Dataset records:

╔══

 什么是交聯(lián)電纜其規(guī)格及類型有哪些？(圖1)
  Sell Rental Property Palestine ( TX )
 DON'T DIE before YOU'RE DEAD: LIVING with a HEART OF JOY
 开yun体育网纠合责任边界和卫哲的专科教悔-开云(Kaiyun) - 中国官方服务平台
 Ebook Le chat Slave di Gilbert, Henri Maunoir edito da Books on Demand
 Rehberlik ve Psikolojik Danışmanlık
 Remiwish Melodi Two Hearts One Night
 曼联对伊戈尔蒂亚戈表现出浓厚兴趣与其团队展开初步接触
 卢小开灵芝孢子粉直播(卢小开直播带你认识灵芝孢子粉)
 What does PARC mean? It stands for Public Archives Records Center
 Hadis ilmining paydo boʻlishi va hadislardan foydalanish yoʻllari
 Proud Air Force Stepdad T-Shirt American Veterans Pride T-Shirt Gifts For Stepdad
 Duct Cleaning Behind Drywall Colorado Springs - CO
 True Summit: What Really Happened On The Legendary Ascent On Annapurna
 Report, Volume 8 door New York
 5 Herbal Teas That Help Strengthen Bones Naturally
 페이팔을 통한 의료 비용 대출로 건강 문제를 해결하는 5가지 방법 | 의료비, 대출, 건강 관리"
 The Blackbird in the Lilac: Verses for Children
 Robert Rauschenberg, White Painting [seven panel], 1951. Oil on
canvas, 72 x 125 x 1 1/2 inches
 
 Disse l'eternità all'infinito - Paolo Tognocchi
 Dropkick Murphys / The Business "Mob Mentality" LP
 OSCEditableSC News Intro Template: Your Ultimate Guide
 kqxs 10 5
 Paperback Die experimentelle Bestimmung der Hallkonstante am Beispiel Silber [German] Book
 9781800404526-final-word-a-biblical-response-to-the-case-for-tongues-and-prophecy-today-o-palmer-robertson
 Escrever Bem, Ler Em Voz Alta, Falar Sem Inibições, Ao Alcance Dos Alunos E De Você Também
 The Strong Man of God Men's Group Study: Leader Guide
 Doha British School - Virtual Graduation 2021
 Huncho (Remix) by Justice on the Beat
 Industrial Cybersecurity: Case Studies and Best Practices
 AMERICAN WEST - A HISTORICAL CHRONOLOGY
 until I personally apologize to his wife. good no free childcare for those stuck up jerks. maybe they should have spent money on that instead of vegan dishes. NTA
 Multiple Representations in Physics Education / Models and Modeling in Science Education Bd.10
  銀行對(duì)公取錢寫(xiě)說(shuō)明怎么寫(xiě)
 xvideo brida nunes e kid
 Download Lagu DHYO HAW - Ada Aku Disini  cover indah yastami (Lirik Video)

╚══

From the entries above, extract only the lines running from the one containing "卢小开灵芝孢子粉直播(卢小开直播带你认识灵芝孢子粉)" through the one containing "canvas, 72 x 125 x 1 1/2 inches", inclusive.

**EXERCISE SOLUTION:**
 卢小开灵芝孢子粉直播(卢小开直播带你认识灵芝孢子粉)
 What does PARC mean? It stands for Public Archives Records Center
 Hadis ilmining paydo boʻlishi va hadislardan foydalanish yoʻllari
 Proud Air Force Stepdad T-Shirt American Veterans Pride T-Shirt Gifts For Stepdad
 Duct Cleaning Behind Drywall Colorado Springs - CO
 True Summit: What Really Happened On The Legendary Ascent On Annapurna
 Report, Volume 8 door New York
 5 Herbal Teas That Help Strengthen Bones Naturally
 페이팔을 통한 의료 비용 대출로 건강 문제를 해결하는 5가지 방법 | 의료비, 대출, 건강 관리"
 The Blackbird in the Lilac: Verses for Children
 Robert Rauschenberg, White Painting [seven panel], 1951. Oil on
canvas, 72 x 125 x 1 1/2 inches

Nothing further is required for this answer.